Lemma 18.4.7. If a random variable $C$ has a geometric distribution with parameter $p$, then

\[\label{18.4.7} \text{Ex}[C] = \frac{1}{p}.\]

Expected Returns in Gambling Games

Some of the most interesting examples of expectation can be explained in terms of gambling games. For straightforward games where you win $w$ dollars with probability $p$ and you lose $x$ dollars with probability $1 - p$, it is easy to compute your expected return or winnings. It is simply

\[\nonumber pw - (1 - p)x \text{ dollars}.\]

For example, if you are flipping a fair coin and you win $1 for heads and you lose $1 for tails, then your expected winnings are

\[\nonumber \frac{1}{2} \cdot 1 - \left( 1 - \frac{1}{2}\right) \cdot 1 = 0.\]

In such cases, the game is said to be fair since your expected return is zero.

Splitting the Pot

We’ll now look at a different game which is fair—but only on first analysis.

It’s late on a Friday night in your neighborhood hangout when two new biker dudes, Eric and Nick, stroll over and propose a simple wager. Each player will put $2 on the bar and secretly write “heads” or “tails” on their napkin. Then you will flip a fair coin. The $6 on the bar will then be “split”—that is, be divided equally—among the players who correctly predicted the outcome of the coin toss. Pot splitting like this is a familiar feature in poker games, betting pools, and lotteries.

This sounds like a fair game, but after your regrettable encounter with strange dice (Section 16.3), you are definitely skeptical about gambling with bikers. So before agreeing to play, you go through the four-step method and write out the tree diagram to compute your expected return. The tree diagram is shown in Figure 18.6.

Figure 18.6 The tree diagram for the game where three players each wager $2 and then guess the outcome of a fair coin toss. The winners split the pot.

The “payoff” values in Figure 18.6 are computed by dividing the $6 pot¹ among those players who guessed correctly and then subtracting the $2 that you put into the pot at the beginning. For example, if all three players guessed correctly, then your payoff is $0, since you just get back your $2 wager. If you and Nick guess correctly and Eric guessed wrong, then your payoff is

\[\nonumber \frac{6}{2} - 2 = 1.\]

In the case that everyone is wrong, you all agree to split the pot and so, again, your payoff is zero.

To compute your expected return, you use equation (\ref{18.4.2}):

\[\begin{aligned} \text{Ex[playoff]} &= 0 \cdot \frac{1}{8} + 1 \cdot \frac{1}{8} + 1 \cdot \frac{1}{8} + 4 \cdot \frac{1}{8} + (-2) \cdot \frac{1}{8} + (-2) \cdot \frac{1}{8} + (-2) \cdot \frac{1}{8} + 0 \cdot \frac{1}{8} \\ &= 0.\end{aligned}\]

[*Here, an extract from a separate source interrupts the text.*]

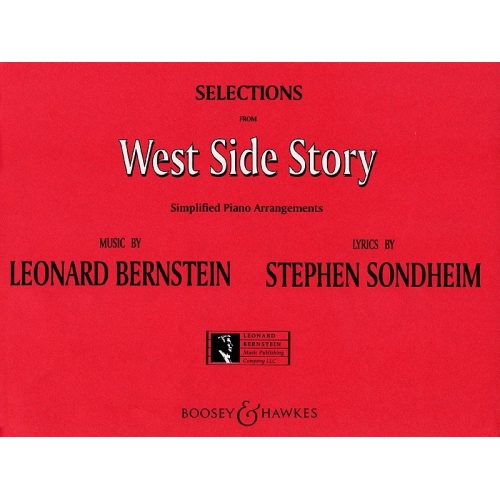 Bernstein, Leonard - West Side Story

This confirms that the game is fair. So, for old time’s sake, you break your solemn vow to never ever engage in strange gambling games.

The Impact of Collusion

Needless to say, things are not turning out well for you. The more times you play the game, the more money you seem to be losing. After 1000 wagers, you have lost over $500. As Nick and Eric are consoling you on your “bad luck,” you do a back-of-the-envelope calculation and decide that the probability of losing $500 in 1000 fair $2 wagers is very, very small.

Now it is possible of course that you are very, very unlucky. But it is more likely that something fishy is going on. Somehow the tree diagram in Figure 18.6 is not a good model of the game.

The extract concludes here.